Un medio como Tablas no puede centrarse solamente en la publicación de la revista o en la organización de desmontajes y presentaciones de libros. Tablas tiene que ser una marca con distintos niveles de acceso al público y a los artistas: podcasts, videos en YouTube, publicaciones en Instagram, en fin, todos los medios disponibles para conectar con quienes necesitan del consumo teatral.
Tampoco es un secreto que el pago a la crítica teatral en las plataformas reconocidas por la institucionalidad es bajo, otro factor que se suma a que cada vez menos se le dedique cuerpo y alma a este trabajo. Pero insisto una vez más: no es una situación meramente económica, ni de apatía social, ni de necesidad de virtualización lo que ha puesto en jaque al crítico.
Más bien, estos factores mencionados han provocado el resquebrajamiento de lo principal: la pérdida de una tradición.
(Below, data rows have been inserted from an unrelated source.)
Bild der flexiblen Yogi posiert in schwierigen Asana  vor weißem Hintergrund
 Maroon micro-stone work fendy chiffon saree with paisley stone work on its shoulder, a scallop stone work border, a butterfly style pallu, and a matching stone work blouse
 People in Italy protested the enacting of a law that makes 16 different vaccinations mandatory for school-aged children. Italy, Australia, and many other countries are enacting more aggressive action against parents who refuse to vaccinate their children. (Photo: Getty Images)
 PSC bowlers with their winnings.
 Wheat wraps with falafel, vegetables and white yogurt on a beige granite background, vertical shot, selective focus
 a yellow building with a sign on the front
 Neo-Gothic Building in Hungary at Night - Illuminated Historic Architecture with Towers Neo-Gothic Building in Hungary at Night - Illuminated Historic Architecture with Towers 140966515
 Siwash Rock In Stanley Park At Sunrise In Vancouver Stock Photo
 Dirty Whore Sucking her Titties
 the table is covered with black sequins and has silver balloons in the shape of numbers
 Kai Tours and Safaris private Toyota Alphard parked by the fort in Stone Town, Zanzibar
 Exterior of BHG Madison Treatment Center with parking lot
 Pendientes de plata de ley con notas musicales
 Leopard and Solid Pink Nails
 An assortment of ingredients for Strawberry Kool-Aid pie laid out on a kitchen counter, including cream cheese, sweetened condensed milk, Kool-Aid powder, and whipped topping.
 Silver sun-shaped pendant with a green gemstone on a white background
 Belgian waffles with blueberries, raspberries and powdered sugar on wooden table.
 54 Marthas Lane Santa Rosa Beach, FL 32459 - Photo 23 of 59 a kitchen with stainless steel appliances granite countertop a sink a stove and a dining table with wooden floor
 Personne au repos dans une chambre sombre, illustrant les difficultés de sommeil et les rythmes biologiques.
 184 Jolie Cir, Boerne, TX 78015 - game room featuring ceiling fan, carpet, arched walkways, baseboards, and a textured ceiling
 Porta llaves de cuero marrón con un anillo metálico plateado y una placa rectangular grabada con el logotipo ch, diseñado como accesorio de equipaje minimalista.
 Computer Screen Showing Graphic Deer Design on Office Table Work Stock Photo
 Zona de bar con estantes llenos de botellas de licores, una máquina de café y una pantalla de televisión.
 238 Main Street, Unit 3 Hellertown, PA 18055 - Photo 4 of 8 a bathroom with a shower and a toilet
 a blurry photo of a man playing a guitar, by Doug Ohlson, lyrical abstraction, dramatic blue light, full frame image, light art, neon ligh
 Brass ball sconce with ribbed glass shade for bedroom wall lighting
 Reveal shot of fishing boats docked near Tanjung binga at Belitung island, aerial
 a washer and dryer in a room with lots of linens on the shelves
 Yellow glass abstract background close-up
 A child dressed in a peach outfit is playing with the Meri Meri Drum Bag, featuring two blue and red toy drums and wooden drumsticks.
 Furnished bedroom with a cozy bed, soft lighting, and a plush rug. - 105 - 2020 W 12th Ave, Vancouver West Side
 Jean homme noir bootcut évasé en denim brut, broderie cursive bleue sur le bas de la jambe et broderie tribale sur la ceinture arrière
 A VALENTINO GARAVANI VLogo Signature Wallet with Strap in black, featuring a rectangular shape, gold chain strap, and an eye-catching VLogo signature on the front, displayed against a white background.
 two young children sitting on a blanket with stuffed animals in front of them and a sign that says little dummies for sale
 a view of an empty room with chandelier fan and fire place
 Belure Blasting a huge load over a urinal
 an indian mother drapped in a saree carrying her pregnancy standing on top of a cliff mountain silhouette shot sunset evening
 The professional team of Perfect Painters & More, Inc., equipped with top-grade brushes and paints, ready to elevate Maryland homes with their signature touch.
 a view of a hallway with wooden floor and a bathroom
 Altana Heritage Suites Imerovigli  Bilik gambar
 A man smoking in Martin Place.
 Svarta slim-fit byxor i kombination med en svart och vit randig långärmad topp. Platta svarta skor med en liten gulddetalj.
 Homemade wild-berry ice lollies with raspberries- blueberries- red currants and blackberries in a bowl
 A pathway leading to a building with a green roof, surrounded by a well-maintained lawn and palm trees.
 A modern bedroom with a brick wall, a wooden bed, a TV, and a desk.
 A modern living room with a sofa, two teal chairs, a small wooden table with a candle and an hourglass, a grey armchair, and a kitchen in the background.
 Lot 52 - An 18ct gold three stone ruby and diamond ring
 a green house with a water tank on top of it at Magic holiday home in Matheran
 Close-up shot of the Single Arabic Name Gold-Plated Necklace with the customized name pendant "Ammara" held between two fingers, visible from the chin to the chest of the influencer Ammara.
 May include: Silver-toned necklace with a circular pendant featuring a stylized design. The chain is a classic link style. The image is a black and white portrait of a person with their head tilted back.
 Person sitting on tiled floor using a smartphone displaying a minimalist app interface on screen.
Sin esa tradición no se puede acceder a los nuevos lenguajes; se carece de un objetivo que reinventar y salvar.
Hoy, con tristeza, miro a los pocos estudiantes que hacen los exámenes de ingreso para estudiar Teatrología. Muchos, por no decir la gran mayoría, son desconocedores del fin de la carrera y de su importancia. Menos son los que llegan a graduarse y contadas son las excepciones que se dedican a la investigación y a la crítica teatral.
Más triste me resulta aún que baje el nivel de los exámenes para el ingreso; quienes apuestan por esta política en aras de mantener viva la carrera solo blanden un cuchillo de doble filo, pues atentan directamente contra la exclusividad del conocimiento que preservamos, ese que, más que hacernos elitistas, nos permite obrar con mayor conciencia sobre una sociedad que necesita el diálogo con su teatro. Una necesidad imperante, quizás hoy más que nunca, porque lo que sucede sobre esas tablas es de los pocos espacios donde aún se respira libertad auténtica. Una libertad que, parafraseando una vez más la cita del inicio, necesita de amigos.